In today's Irish Times there is an interesting report of a statement by the Arch-bishop of Dublin, Dr. McNamara. He spoke of the part-time use by Catholics of their consciences. He was speaking generally on the debate on divorce. It might be useful for us to pause and reflect on this. This kind of advice might also be given more often to Irish accountants who by their skill and knowledge and training help companies to evade and avoid the obligation to pay their legal financial dues to the State. I do not like to see accountants being allowed to put their consciences aside on a part-time basis.
When I was growing up it used to be said that it was no sin to withhold taxes because, we were told, it was only a distributive sin: By the time, say, £30,000 was spread throughout the people of the country, when it came to my fraction it was one-thousandth of a penny. I wonder if theology has been up-dated in that regard because the accountants' profession can put their hands on their hearts and say that under the law as it exists they can help companies in the way I have suggested.
The theology current when I was growing up was that if I intended to commit sin, to defraud, that was the sin. That sort of advice seems to have gone out of fashion. When it comes to companies withholding information from workers and from the State I should like some competent theologian to step in and give the benefit of his considered views.
I should like to point out that the only political party in Ireland with any real intent in this regard are the Labour Party. The Minister for Industry, Trade, Commerce and Tourism is listening to me. There is nothing personal in what I have to say. This Bill is almost a sham and a fraud. It is an insult to the workers of the country. I know it. I live with the workers and I have seen the blackguardism that goes on in companies in regard to Irish workers who pay their taxes but are thrown out of their jobs, and we are doing almost nothing to remedy it. If I level this criticism at my own side of the House, I do so in the full knowledge that we have the right to dissent without penalty on this side of the House — we will not be put out of the party for doing that.
When I hear the spurious, counterfeit criticism from some of the speakers here today on the other side who know as much about this legislation as a pig would about a bank holiday, I suggest that they should remember that when they were in Government they did not do anything, and their representatives in Brussels voted against changes in company law. I hope the workers of Ireland when they read the reports of this debate — unfortunately most workers regard as gospel what they read in the newspapers — will know about the charade that is going on and who is their real protector in this matter. I refer to a resolution agreed at the annual conference of the Labour Party here last May. It reads:
The Labour Party recognises the importance of the EC Fourth Directive on company law and its implications for the provision of greater levels of information disclosures by companies to their workforces and for curbing the use of limited liability, and will press for its immediate and total statutory implementation.
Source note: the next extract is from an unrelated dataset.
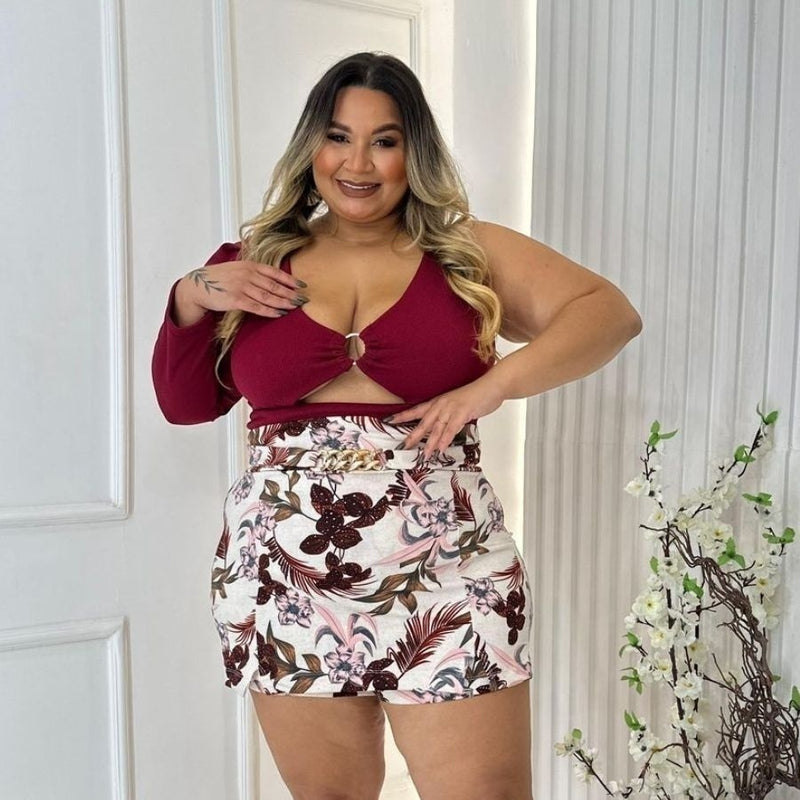 Conjunto Plus Size Shorts Saia Cropped 1 Manga C Argola 0508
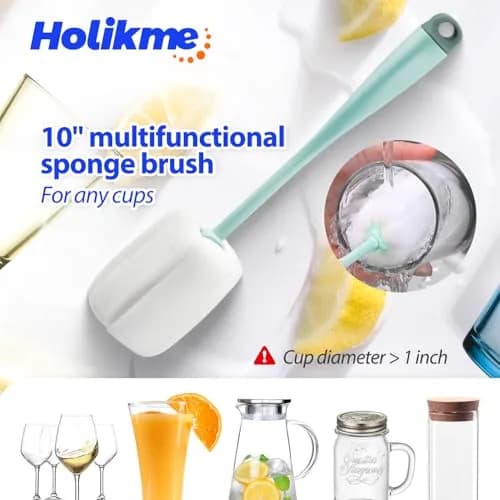Holikme 11-Piece Tube Cleaning Lab Brush Set with Long Handle, Green | 4.3cm (1.7in) x 40cm (16in) Brush thumbnail 4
The conference demanded that there would be full disclosure of all relevant information by companies, private and public. I am a trade union official and I am prepared to argue with anybody that, if we are pretending that this Bill will do the job, the workers should be told that it is not. In my view he would have been better off not to have introduced legislation which does not go the full way on this disclosure of information. Under section 2 of the Bill the financial institutions are exempt from the main provisions of the Bill. There is a very crude colloquialism in Limerick, "You can chalk it down" and certainly it appears that these financial institutions will not have to disclose this information to their employees.